The Beaufort County Court of Common Pleas in South Carolina recently had an opportunity to consider the differences between a deductible and an SIR and the impact on an insurer’s duty to defend in Centex Homes, a Nevada General Partnership v. Raymond and Denise Gibbo, et al., C.A. No. 2016-CP-07-02287 (Dec. 17, 2018). In that case, the insurer suggested that a “deductible endorsement” on the policy excused its obligation to defend an additional insured in several underlying construction defect actions because the defense fees and costs of the additional insured in those underlying actions did not (and would not, given that the underlying actions had resolved) exceed the deductible amount. While the deductible endorsement specified a deductible amount that was inclusive of damages and supplementary payments and the deductible endorsement also stated:
4. Other Rights and Duties (Ours and Yours)
All other terms of this policy, including those with govern (a) our right and duty to defend any claim, proceeding or suit against you, and (b) your duties if injury occurs, apply irrespective of application of this deductible endorsement.
The trial court determined that “the ‘unambiguous, clear and explicit’ terms of the Deductible Endorsement provide that [the insurer’s] duty to defend’ applies “irrespective of the deductible.” See Gibbo. The South Carolina trial court’s holding was consistent with other courts across the country interpreting the same language in similar endorsements. See e.g., Continental Cas., 940 F.Supp.2d at 922. (determining that “the Deductible Endorsements do not disclaim or alter [the insurer’s] duty to defend” and instead “expressly reaffirm that [the insurer] has a duty to defend.”). Because it determined that the insurer’s duty to defend the additional insured “was not altered or excused” by the deductible endorsement, the Gibbo court concluded that the insurer breached its duty to defend and awarded the additional insured all of the defense fees and costs it incurred in the underlying action as well as the fees and costs it expended in a declaratory judgment seeking to force the insurer to honor its duty to defend.
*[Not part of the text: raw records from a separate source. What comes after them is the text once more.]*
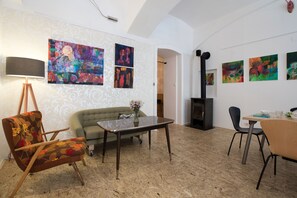 Interior - Apartment suite, downtown, near Hundertwasserhaus 2 rooms (Wien)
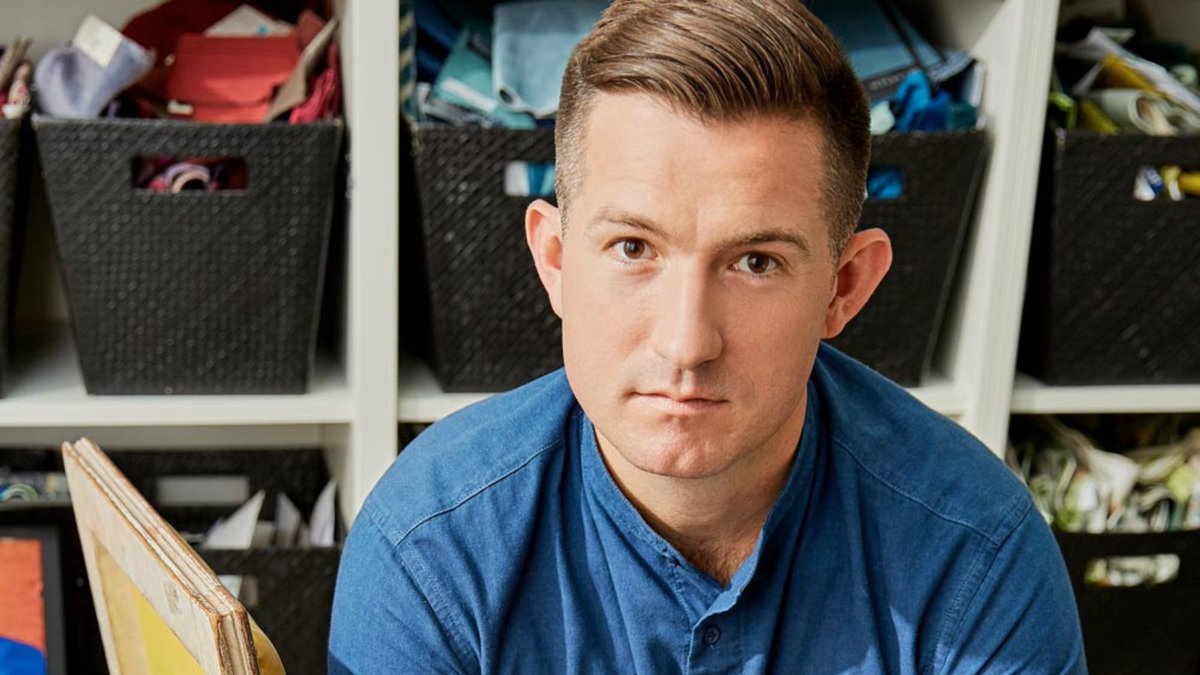 EdgeMediaNet's tweet image. 🎄✨ Queer fam, it's time to slay your holiday decor! 

Check out EDGE Now's latest episode for all the inspo you need. 👇
bit.ly/3OM9XpZ 

Let's make this season iconic! 🌈🎁
 #HolidayDecor #QueerStyle #EDGENow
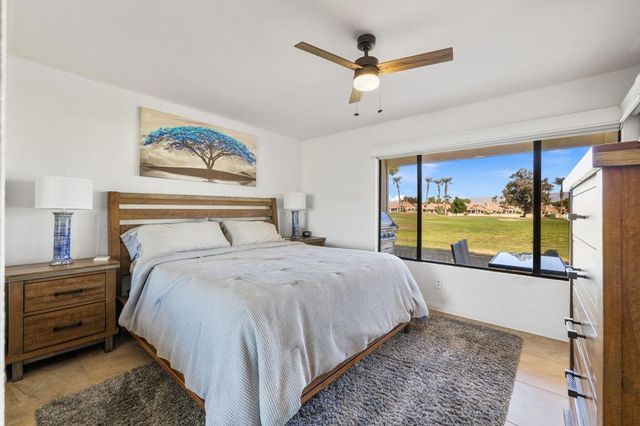 77116 Pauma Valley Way, Palm Desert, CA 92211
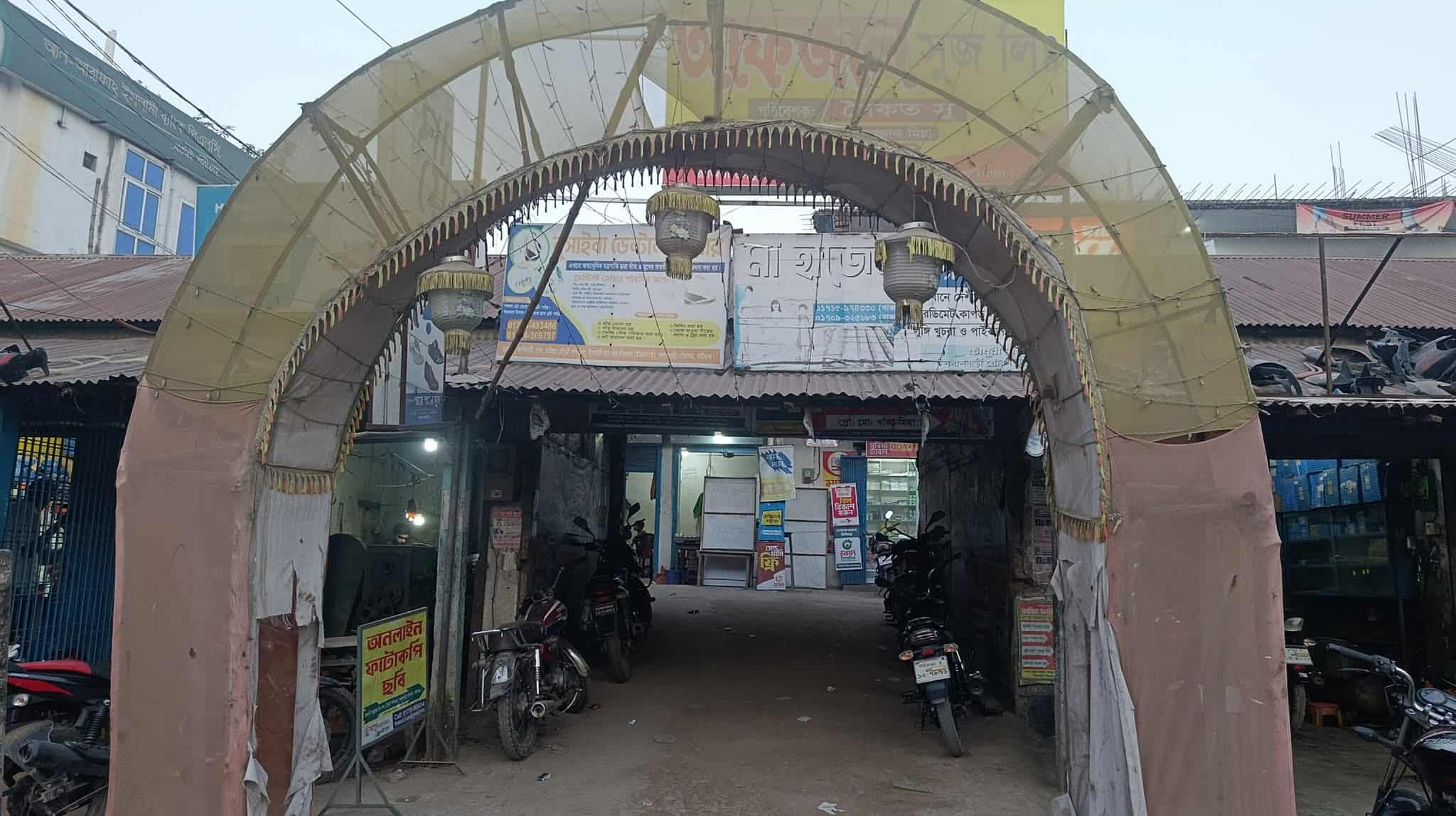 পলাশবাড়ী এসএম পাইলট সরকারি উচ্চ বিদ্যালয়ের মার্কেট ভেঙে ব্যক্তিগত মার্কেটের রাস্তা তৈরি – জনমনে ক্ষোভ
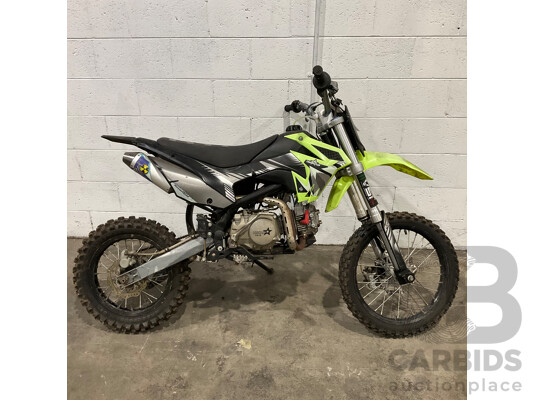 THUMPStar YX-R Dirt Bike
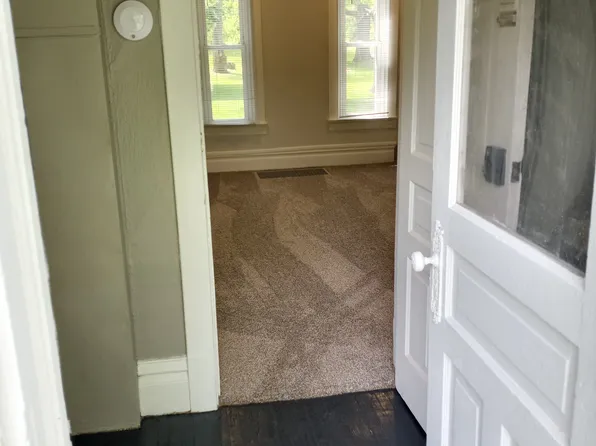 3780 N Wozniak Rd, Michigan City, IN 46360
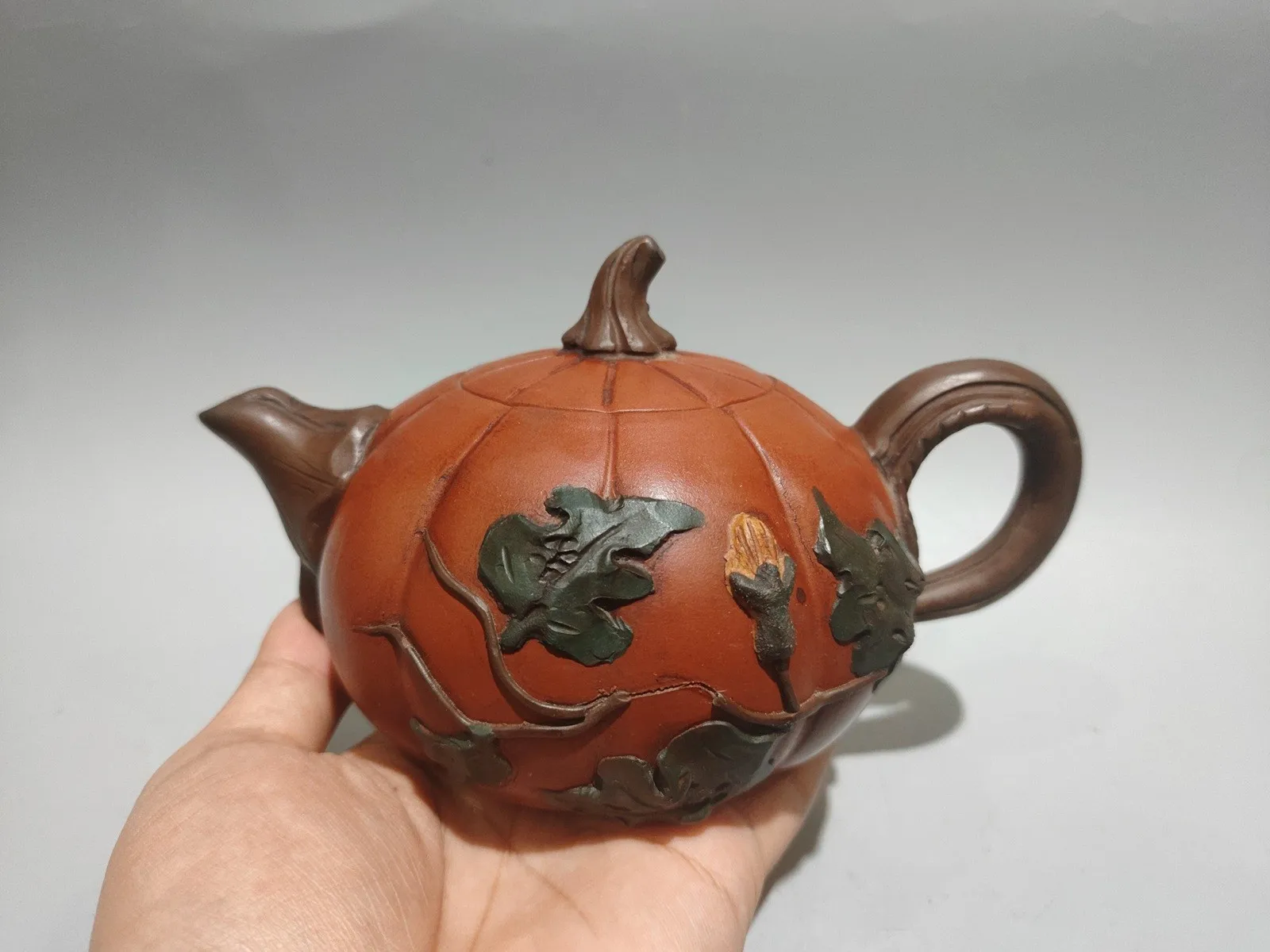 Chinese Yixing Zisha Clay Handmade Exquisite Pumpkin Teapot 60238
Chinese Yixing Zisha Clay Handmade Exquisite Pumpkin Teapot 60238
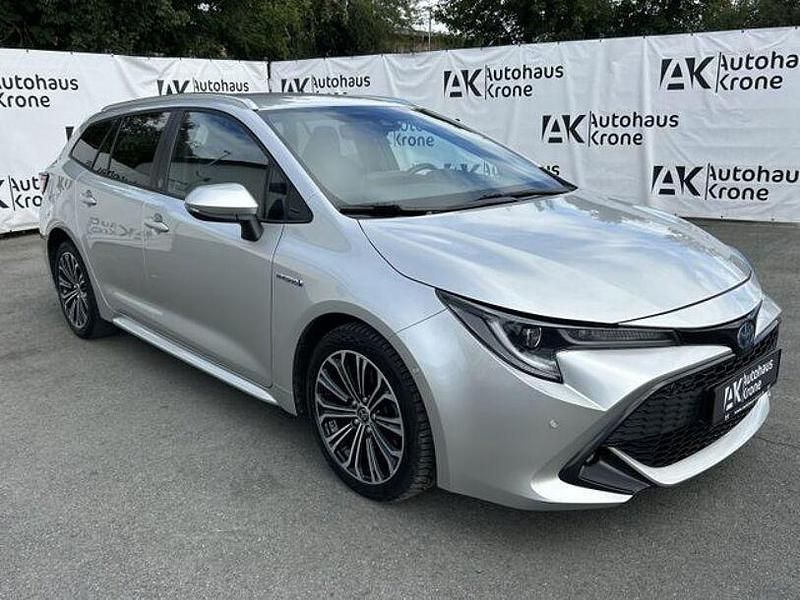 Gebraucht Toyota Corolla Team 184 PS (135 kW) 2022 Precious silver Kombi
Even if the named insured is responsible for reimbursing the insurer for the amount of defense fees and costs that fall within the limits of a deductible, courts have concluded that the insurer retains the duty to defend because “the duty to defend is distinct from a mere obligation to pay for defense costs.” Continental Cas., 940 F.Supp.2d at 918 (“Simply because [an insurer] will ultimately be reimbursed for certain costs it expends in defending [an insured] does not indicate that [the insurer] does not have a duty to defend [the insured].”). The duty to defend is more than the mere payment of money, instead it “encompasses hiring attorneys and managing lawsuits,” developing litigation strategy, and evaluating and securing settlements and judicial dispositions. Id. As a result, an insurer’s attempt to transfer its duty to pay for defense fees and costs through a deductible or SIR may not ultimately be successful in transferring or extinguishing its duty to defend.